Mean, Median and Sex

I found the workings of an old post I never got around to posting. So here it is.

Time for a maths lesson for Gina Kolata of the New York Times, who reported on a survey that found:

…men had a median of seven female sex partners. Women had a median of four male sex partners. Another study, by British researchers, stated that men had 12.7 heterosexual partners in their lifetimes and women had 6.5.

Apparently "mathematicians" don't understand the difference between various measures of central tendency:

But there is just one problem, mathematicians say. It is logically impossible for heterosexual men to have more partners on average than heterosexual women. Those survey results cannot be correct.

Um, yeah, they can. This falls under the category of Misuse of Information. The explanation is pretty much the same as the example in our book, but dirtier.

The mean number of partners for men and woman has to be the same. But the median, as was quoted above, does not. The majority of women tend to have less sexual partners than the majority of men. The median for women is lower.

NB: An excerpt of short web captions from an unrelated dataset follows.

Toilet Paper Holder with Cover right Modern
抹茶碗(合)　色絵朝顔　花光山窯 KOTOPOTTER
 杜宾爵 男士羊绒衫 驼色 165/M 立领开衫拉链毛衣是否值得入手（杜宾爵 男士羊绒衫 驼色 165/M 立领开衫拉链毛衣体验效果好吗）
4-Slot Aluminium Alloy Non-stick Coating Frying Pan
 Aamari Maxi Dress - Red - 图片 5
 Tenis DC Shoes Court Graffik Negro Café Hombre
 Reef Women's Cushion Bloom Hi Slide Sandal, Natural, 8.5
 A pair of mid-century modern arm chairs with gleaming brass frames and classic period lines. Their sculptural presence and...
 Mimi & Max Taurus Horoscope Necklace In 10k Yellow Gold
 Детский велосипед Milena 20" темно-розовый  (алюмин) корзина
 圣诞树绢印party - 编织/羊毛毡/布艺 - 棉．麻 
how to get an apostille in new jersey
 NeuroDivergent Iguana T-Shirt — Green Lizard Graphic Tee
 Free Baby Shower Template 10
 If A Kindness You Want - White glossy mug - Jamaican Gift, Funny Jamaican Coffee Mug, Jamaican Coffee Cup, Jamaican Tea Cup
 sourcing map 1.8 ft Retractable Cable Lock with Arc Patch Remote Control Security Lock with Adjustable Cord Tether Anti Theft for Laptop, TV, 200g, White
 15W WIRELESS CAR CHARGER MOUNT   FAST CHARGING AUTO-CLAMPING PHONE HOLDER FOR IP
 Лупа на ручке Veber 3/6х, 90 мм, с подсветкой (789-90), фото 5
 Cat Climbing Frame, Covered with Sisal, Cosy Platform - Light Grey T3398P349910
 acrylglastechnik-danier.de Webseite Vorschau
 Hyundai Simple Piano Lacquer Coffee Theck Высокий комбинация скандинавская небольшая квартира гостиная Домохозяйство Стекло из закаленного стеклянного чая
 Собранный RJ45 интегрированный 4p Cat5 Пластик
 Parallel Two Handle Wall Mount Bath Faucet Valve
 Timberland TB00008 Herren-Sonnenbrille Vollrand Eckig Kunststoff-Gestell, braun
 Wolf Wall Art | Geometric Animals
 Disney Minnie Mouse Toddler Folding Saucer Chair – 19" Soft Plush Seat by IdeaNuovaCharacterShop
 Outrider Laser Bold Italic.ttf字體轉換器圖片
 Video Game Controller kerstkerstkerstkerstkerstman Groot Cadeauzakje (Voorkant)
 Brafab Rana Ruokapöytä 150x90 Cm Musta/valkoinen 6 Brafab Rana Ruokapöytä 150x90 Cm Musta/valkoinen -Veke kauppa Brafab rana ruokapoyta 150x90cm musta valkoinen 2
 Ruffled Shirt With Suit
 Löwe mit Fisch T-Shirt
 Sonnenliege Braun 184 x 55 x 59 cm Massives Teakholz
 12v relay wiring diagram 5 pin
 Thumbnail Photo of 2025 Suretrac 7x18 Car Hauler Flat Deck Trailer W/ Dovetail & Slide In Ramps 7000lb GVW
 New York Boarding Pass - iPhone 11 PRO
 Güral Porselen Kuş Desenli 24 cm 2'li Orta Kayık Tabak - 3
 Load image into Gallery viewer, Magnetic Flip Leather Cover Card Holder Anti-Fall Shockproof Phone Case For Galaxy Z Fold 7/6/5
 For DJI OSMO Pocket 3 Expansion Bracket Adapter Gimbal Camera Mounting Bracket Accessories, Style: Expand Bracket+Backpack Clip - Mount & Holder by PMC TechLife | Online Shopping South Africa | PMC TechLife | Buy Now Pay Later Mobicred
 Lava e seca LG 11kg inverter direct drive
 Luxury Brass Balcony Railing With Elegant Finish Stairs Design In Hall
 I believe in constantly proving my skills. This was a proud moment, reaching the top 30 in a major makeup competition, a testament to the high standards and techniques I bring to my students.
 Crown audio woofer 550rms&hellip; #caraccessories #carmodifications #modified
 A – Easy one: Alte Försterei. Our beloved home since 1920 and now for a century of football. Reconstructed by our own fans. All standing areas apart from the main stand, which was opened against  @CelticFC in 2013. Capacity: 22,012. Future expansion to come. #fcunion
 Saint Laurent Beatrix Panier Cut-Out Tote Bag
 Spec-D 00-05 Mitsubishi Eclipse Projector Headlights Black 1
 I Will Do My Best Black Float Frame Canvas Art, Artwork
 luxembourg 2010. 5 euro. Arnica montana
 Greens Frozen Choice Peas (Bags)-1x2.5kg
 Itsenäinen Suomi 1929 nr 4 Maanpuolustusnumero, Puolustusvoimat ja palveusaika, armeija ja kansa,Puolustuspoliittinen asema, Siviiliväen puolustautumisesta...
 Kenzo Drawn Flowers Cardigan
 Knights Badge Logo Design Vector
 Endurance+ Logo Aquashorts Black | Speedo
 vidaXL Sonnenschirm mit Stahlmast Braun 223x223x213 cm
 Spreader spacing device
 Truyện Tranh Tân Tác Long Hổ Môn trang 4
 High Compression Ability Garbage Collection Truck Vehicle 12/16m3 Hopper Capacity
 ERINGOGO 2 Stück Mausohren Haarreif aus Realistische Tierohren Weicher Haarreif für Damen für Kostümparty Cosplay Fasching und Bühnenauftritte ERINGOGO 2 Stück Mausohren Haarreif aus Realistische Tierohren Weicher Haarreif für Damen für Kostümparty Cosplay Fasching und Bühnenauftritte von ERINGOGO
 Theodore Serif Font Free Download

However, there could be enough dirty women who have many, many partners - enough to keep the means even, but skew the distribution.

To be fair to Kolata, she and her mathematician corrected this the next week:

He had looked at the actual data from the survey citing medians and found that it could not possibly be correct. Of course he knew the difference between a median and a mean.

It's still a good example nonetheless. (And a good example of why you should always say what you mean, with all the caveats, as clearly as possible.)